Why have I waited so long to make the move? The simple answer is finances. For years I explained away my reluctance to switch as lack of availability in my wooded area. But that excuse has been a lame one for over a year or two now. I have had a choice of Cable or DSL for a long time, but to pay nearly $50 per month for the service has been out of the question. It's not that I couldn't afford the outrageous prices, it's the ethical question of allowing myself to be fleeced by the big business. And so I was determined not to be dazzled by broadband so much that it would blind me to the thievery that has been going on in this business.
Well, mo more. When my local phone company started to offer DSL at prices on par with dialup (around $20 per month), I decided that the time was finally right to jump in. I dropped my basic Cable TV service completely (we haven't watched TV in my home for over six months now anyways), and with the money saved, I could pay for the fairly priced DSL service.
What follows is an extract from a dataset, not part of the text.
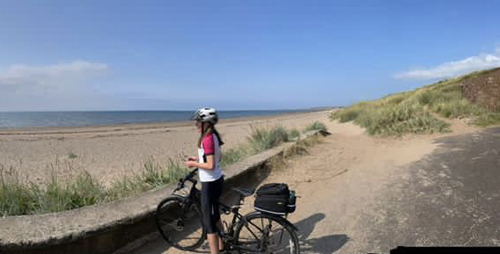 Photo of Katie Gallacher on a bike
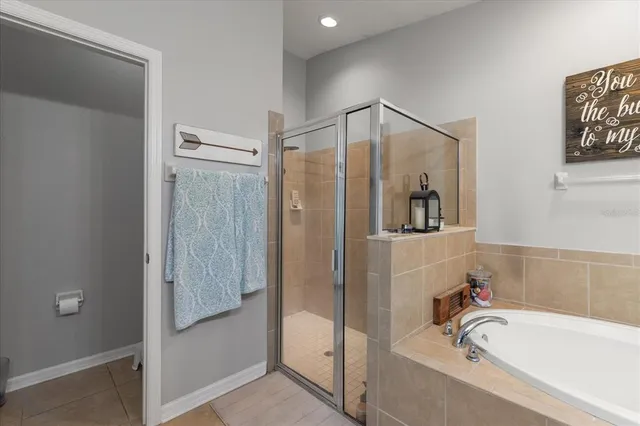 a living room with a couch and a large window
The basic DSL service is supposed to arrive next week and usher my home into the era of broadband. The jury is still out on whether I'm going to like it. We'll see if it'll make for happier online experience. The other unknown is whether the price will rise after the one-year term is completed.
Meanwhile I am delighted to hear that google has invested a decent sum in a company that is involved in Internet-over-powerline technologies. The added competition should be music to the ears of throngs of broadband users who've been shackled by their ISP's for so many years. Free broadband may still be a pipe dream. I'm fine with cheap broadband for now.